Exercise details: Among the records that follow, set down only the lines from the one containing "Zara Yellow Cardigan Size S - photo 7" to the one containing "4 chaises Olivia - 47,5 x 79 x 54 cm", both included, exactly.

Input data:
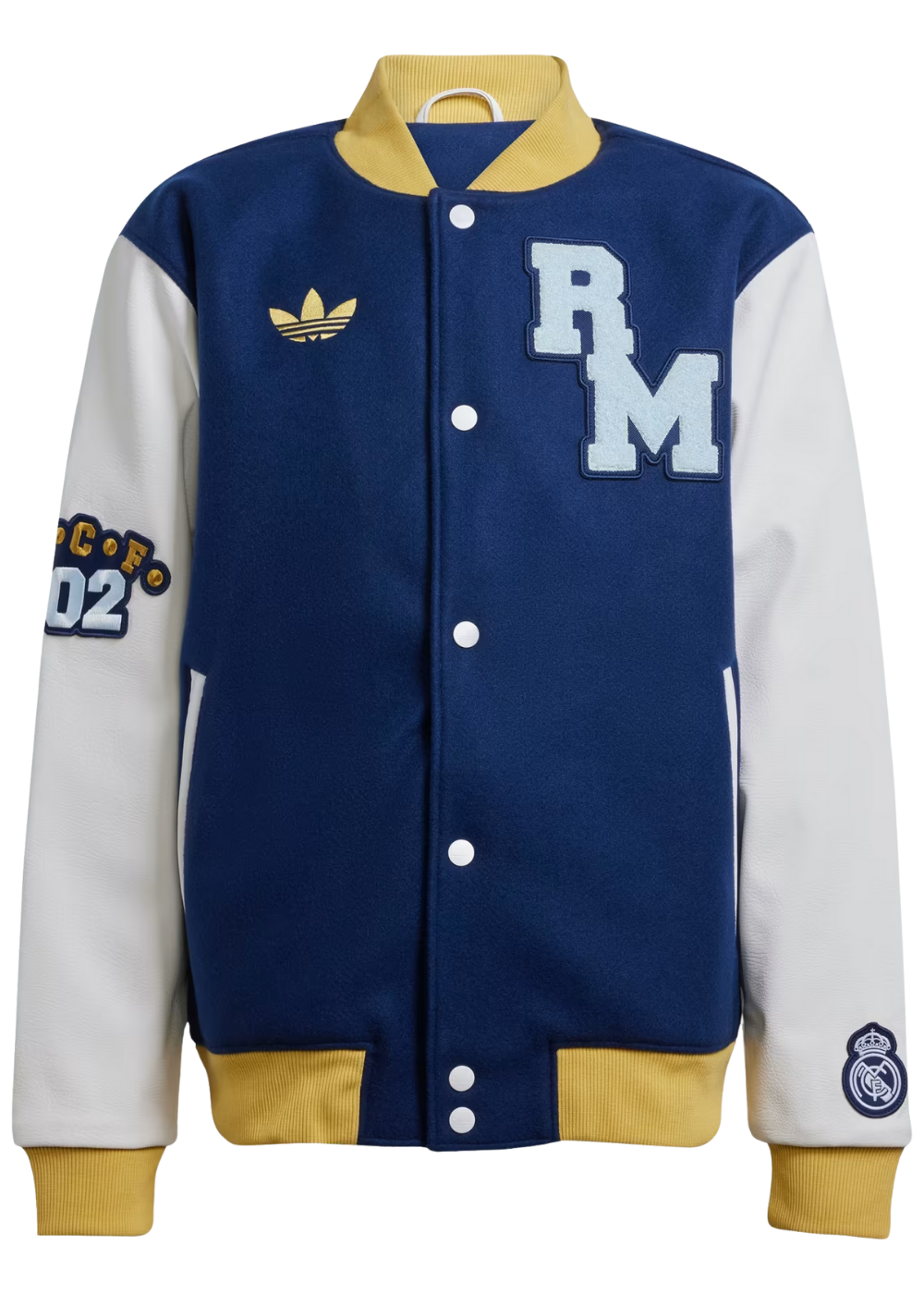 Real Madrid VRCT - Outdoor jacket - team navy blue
--
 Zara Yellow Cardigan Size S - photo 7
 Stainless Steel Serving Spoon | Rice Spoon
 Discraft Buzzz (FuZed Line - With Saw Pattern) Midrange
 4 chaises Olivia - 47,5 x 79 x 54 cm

The completed task:
 Zara Yellow Cardigan Size S - photo 7
 Stainless Steel Serving Spoon | Rice Spoon
 Discraft Buzzz (FuZed Line - With Saw Pattern) Midrange
 4 chaises Olivia - 47,5 x 79 x 54 cm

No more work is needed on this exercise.